As a teenaged immigrant from Ecuador, Laura C. Morana learned English the old-fashioned way. No English as Second Language classes, no bilingual ed, just grind-it-out translations of her biology and algebra lessons, watching TV and talking to fellow students at Irvington High School. In this, she was pushed by her parents.
“They were very supportive and knew the need for us, and them, to learn it,” she says.
Today, her life experience as an immigrant and career educator gives Morana a perspective not often heard in the debate about the rising number of Hispanic students in American schools. For starters, she says, it’s wrong to assume, as some critics do, that new Americans dont want to learn English.
“They may settle in language communities, but we can’t generalize,” she says. “It depends on level of education and aspiration for their kids. Young families here are learning English. They want that for their kids.”

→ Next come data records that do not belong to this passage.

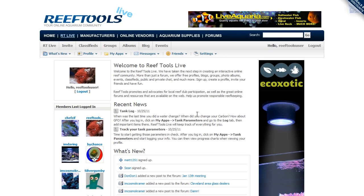Welcome to another Reef Tools video. Today we're going to go over how to track parameters in your reef tank using the Reef Tools custom app. Don't forget to watch our first two videos which show you how to sign up for a Reef Tools live account and how to update your account information.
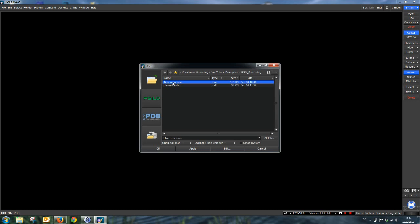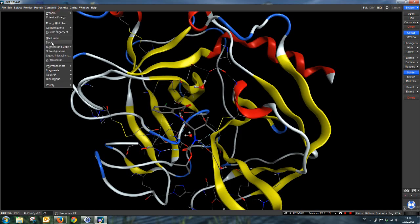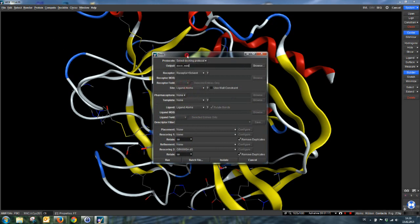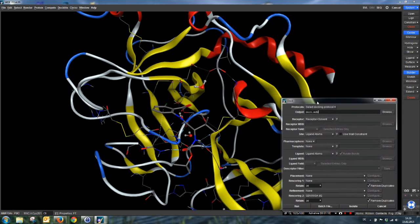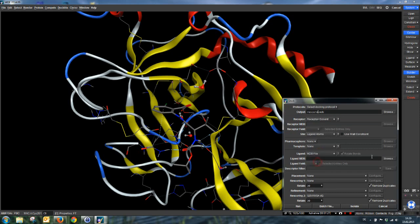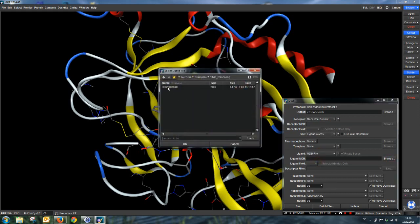To use more internal scoring functions in re-scoring is really, really easy. We can just open the receptor, go on compute and dock. We select post-rescoring as the protocol, name our output file, and use our input file, the cleaved MDB in this case.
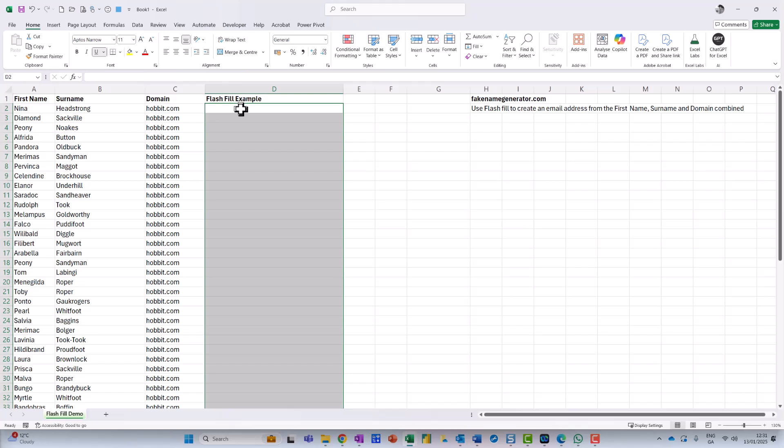Now, what Flash Fill does is basically you give it a pattern, and Excel follows the pattern. So what I have here is I've got a list of, let's say, a first name, a surname, and a domain.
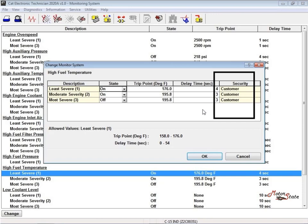This function allows a service technician access to customer password protected parameters without divulging the actual customer passwords, which may be the same for an entire fleet. The original passwords may be restored through the restored password function when the temporary random passwords are no longer needed.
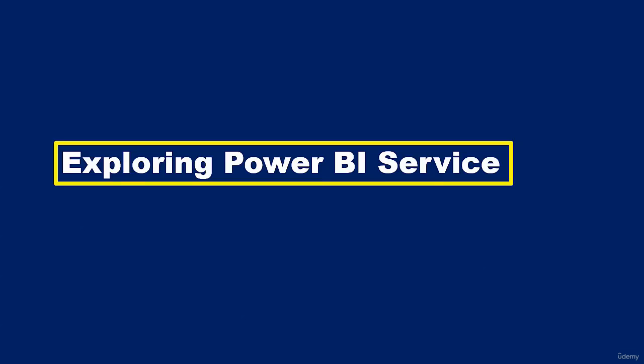Hello and welcome to this video. In this video I'm going to briefly explore some of the elements of the Power BI service.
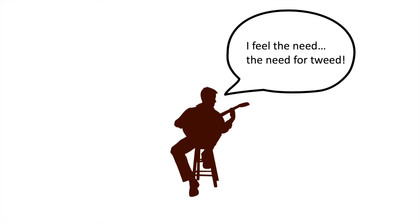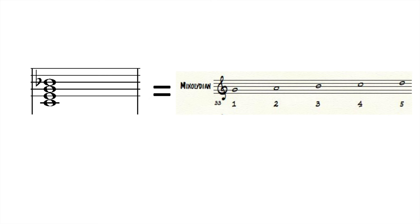The Mixolydian mode implies certain chords that improvisers love to point out to you while they sit on a stool in their tweed jackets. One such chord is the dominant seventh. In fact, the Mixolydian mode is implied whenever a dominant seventh is played.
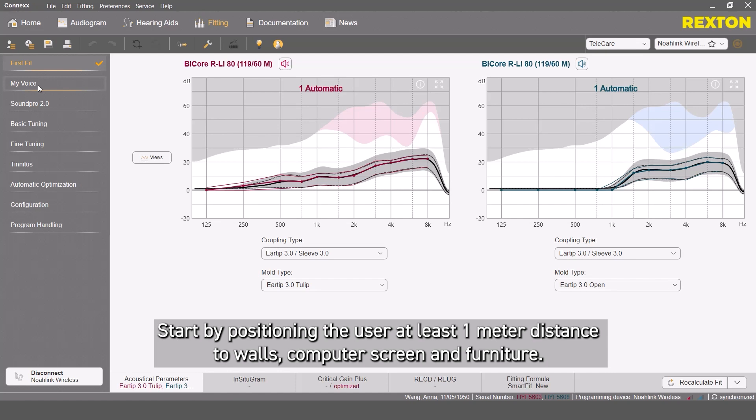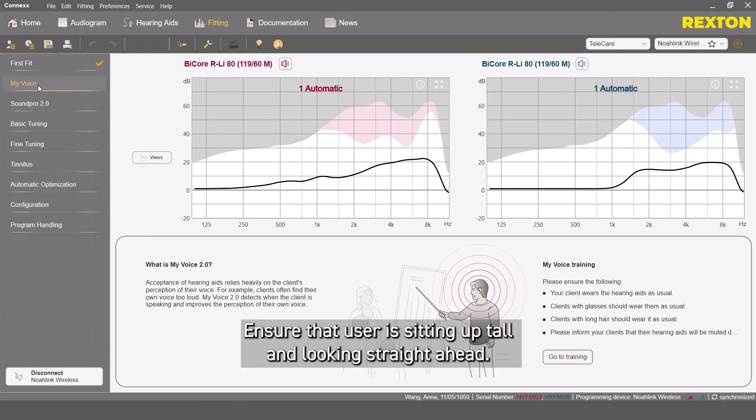Start by positioning the user at least one meter distance to walls, computer screen and furniture. Ensure that the user is sitting up tall and looking straight ahead.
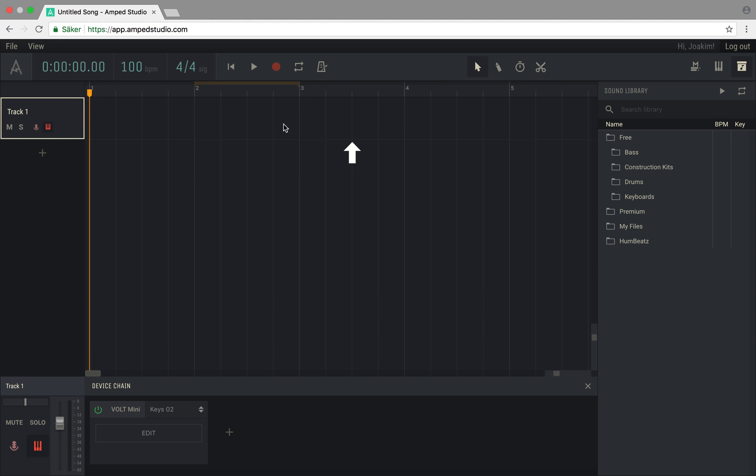The arrangement is the area where you drop in library regions to tracks, record your own audio or note content, and create new empty regions. You can quickly create a new region on a track by double-clicking any empty space in the arrangement on that track.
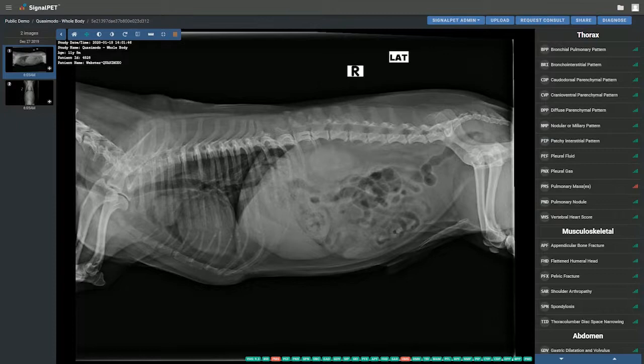Quasimodo is an 11 and a half year old male dog that received a set of whole body radiographs.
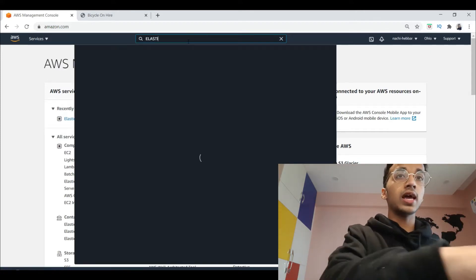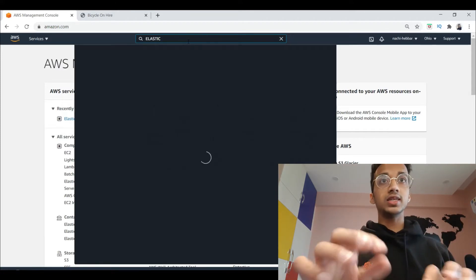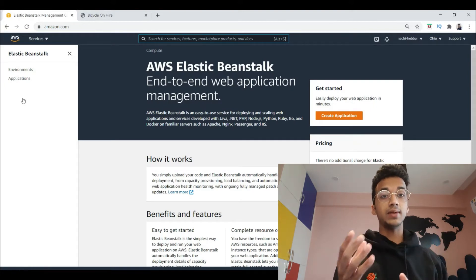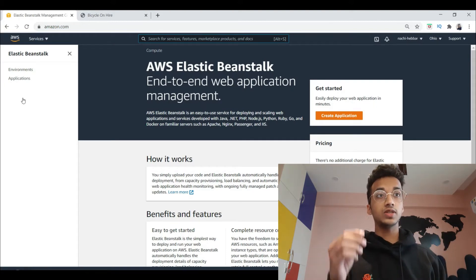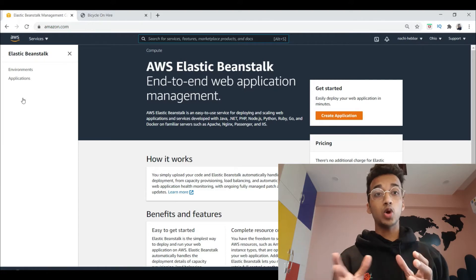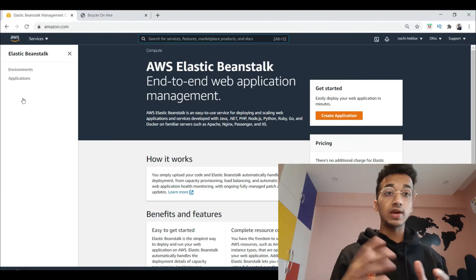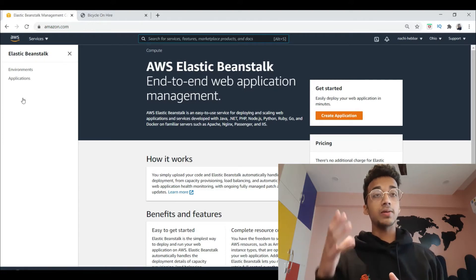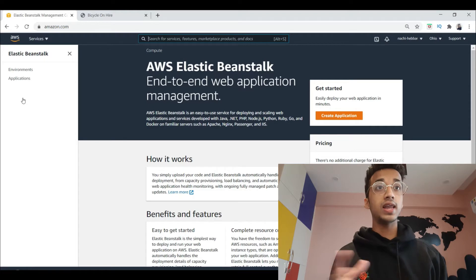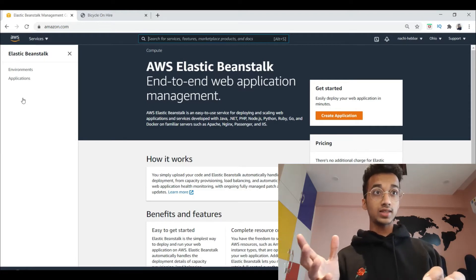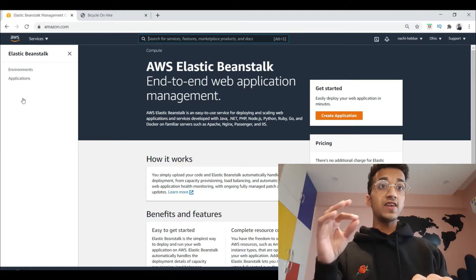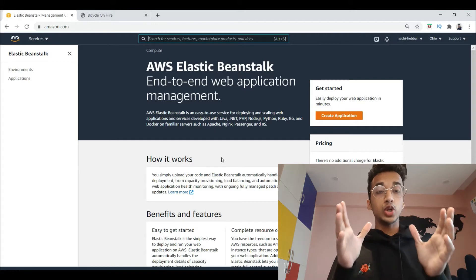Elastic Beanstalk is a service that AWS provides which basically allows you to deploy your web applications very easily. Your applications can be based on Python, Ruby, Java, or anything else. Since we're handling a Flask application, the steps are very easy. Make sure you have an account.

Morana, who recently completed her first year as Superintendent of Schools in Red Bank, sat down with redbankgreen‘s Linda G. Rastelli earlier this week to talk about language education, the importance of “rigorous curriculum,” and what she’s doing to control costs.
As the new school year begins, what are the top three issues that the Red Bank school system is confronting?
The biggest challenge is the enhancement of our language arts literacy program, focusing our instruction in reading and writing, from pre-K to 8th grade. [Second,] enhancing the rigor of the middle school curriculum, for one thing by establishing an honors program. The third would be the ongoing assessment of student learning, which has been in place but not as comprehensive as it could be.